Tokenomics is the study of a cryptocurrency's economics, including its supply and demand, as well as how it is used and distributed within its ecosystem. A good tokenomic model for an investor is one that demonstrates a clear and feasible plan for value accrual, has a strong and active community, and is backed by reputable investors. On the other hand, a poor tokenomic model may have unclear or unrealistic plans for value accrual, a weak or inactive community, and lack significant investor support.

It's important to thoroughly research and understand a project's tokenomics before investing, as it can play a significant role in the potential success and growth of the project. Some key factors to consider when evaluating a project's tokenomics include:

Token supply: The total number of tokens that will be created, as well as the distribution of those tokens among stakeholders (e.g. founders, investors, community members).
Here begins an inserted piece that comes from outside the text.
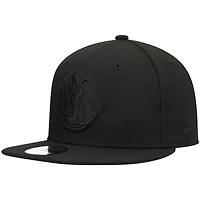 Men's New Era Dallas Mavericks Black On Black 9FIFTY Snapback Hat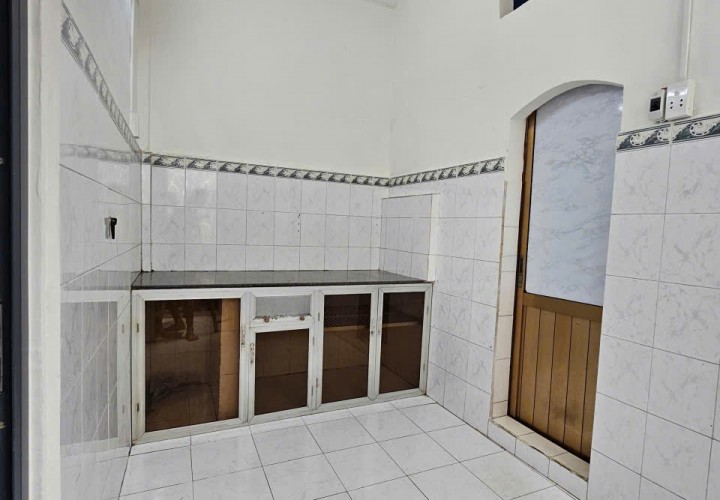 Cần bán căn hộ tại chung cư Chợ Quán, đường Trần Bình Trọng, P1, Quận 5, TP. Hồ Chí Minh.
Token distribution: The plan for how the tokens will be distributed, including through mining, airdrops, initial coin offerings (ICOs), and other means.

Token utility: The use cases for the token within the project's ecosystem, and how it drives demand for the token.

Token burning: Some projects may implement a token burning mechanism, where a portion of the token supply is permanently removed from circulation, potentially increasing the value of the remaining tokens.

Token vesting: Some projects may have vesting schedules for the tokens held by the team or investors, which can help align incentives and prevent tokens from being dumped on the market. Overall, a good tokenomic model should be transparent, fair, and feasible, and should demonstrate a clear plan for value accrual for both the project and its token holders.

Community: The strength of a project's community can be determined by spending time in their Telegram or Discord and observing their Twitter engagement.

Use cases: A project's use cases can be found on their website and whitepaper, and it's beneficial if the use case is applicable in a bear market.

Roadmap: A project's roadmap can typically be found on their website or blog, and can be confirmed by asking on their Telegram or Discord.

Users: Information about a project's user base can be found by spending time in their Telegram or Discord, observing the activity and engagement of the team and community.

Competitors: Competitor research can be done by looking at competitor whitepapers, websites, and communities.

Risks: Risks can be identified through competitor research, by looking at a project's website, whitepaper, and by spending time in their Telegram or Discord.